Por Guilherme Soares, professor da rede pública estadual de ensino da Zona Norte de São Paulo
Para quem é professor da Rede Pública
do Estado de São Paulo, a morte do João deveria ter tido um pouco mais de
atenção. A ideologia dominante educou os dominados a naturalizarem a
pobreza, ou seja, se tornou algo banal para muitos passar na rua e ver um morador
de rua deitado e nem minimante se perguntar: Por que este ser humano está na
rua? Ou até mesmo: qual é a historia deste individuo que está nas ruas?
João foi um morador de rua que morreu
na última semana de agosto e que viveu o resto de sua vida na Cidade
Universitária. Ele, nos anos 70, se formou na USP em Letras e começou a
lecionar na rede pública de ensino do Estado de São Paulo.

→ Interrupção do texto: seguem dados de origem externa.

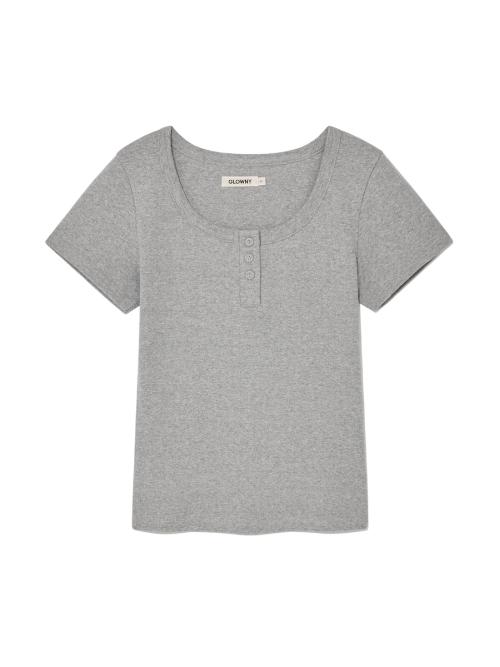 PROVINCE EYELET BUTTON TEE (MELANGE GRAY)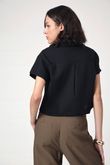 Camisa Cropped Gina Linho Preto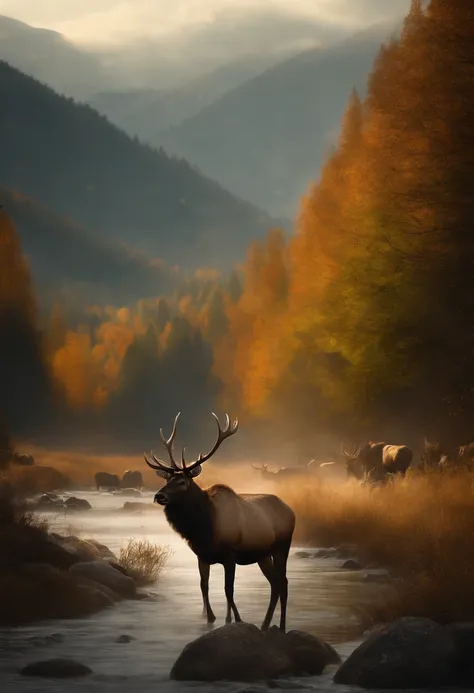 (masterpiece),best quality,(8k, high res, masterpiece:1.2),ultra-detailed,a herd of elks walking along a river in a mountain valley,illustration,oil painting,photorealistic,vivid colors,natural lighting,fine brushstrokes,detailed antlers,tall grass swaying...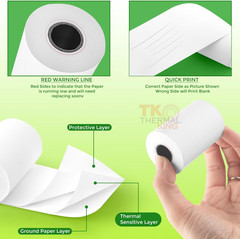 (100 Rolls) 2 1/4″ X 85′ Thermal Paper, POS Receipt Paper for Retail Business Ca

Esteve à
frente da greve de 2000 contra Mário Covas, do PSDB, onde ele e vários outros
professores foram demitidos pela greve e seus métodos de luta, como o
acampamento em frente à Secretaria de Educação Estadual. A partir de então, a
vida de João se degradou e, infelizmente, levou o fim que levou.
Primeiramente a sua vida se
materializa, antes de mais nada, nas estatísticas de pessoas que não conseguem
arrumar um emprego para poderem minimamente sobreviver neste sistema
capitalista. Ao mesmo tempo, se materializa na ofensiva neoliberal que atacou
os salários dos trabalhadores, as condições de trabalho e os direitos
trabalhistas e sociais, mas também, por muitos anos, na subjetividade dos
trabalhadores em que perderam confiança nas suas próprias forças. João se
materializa também na política neoliberal em favorecimento dos setores privados
em detrimento do setor público.
A morte do João é apenas um ponto para
entendermos a educação pública do Estado de São Paulo, mas ao mesmo tempo a
educação pública de todo o país. Falta professores na rede pública por
conta dos baixos salários, os que estão na rede trabalham mais de duas
escolas para poderem ter um salário minimamente digno e sobreviver. Para além
disso, professores que têm de trabalhar com salas superlotadas e sem
equipamento e com número insuficiente de escolas para cobrir a demanda.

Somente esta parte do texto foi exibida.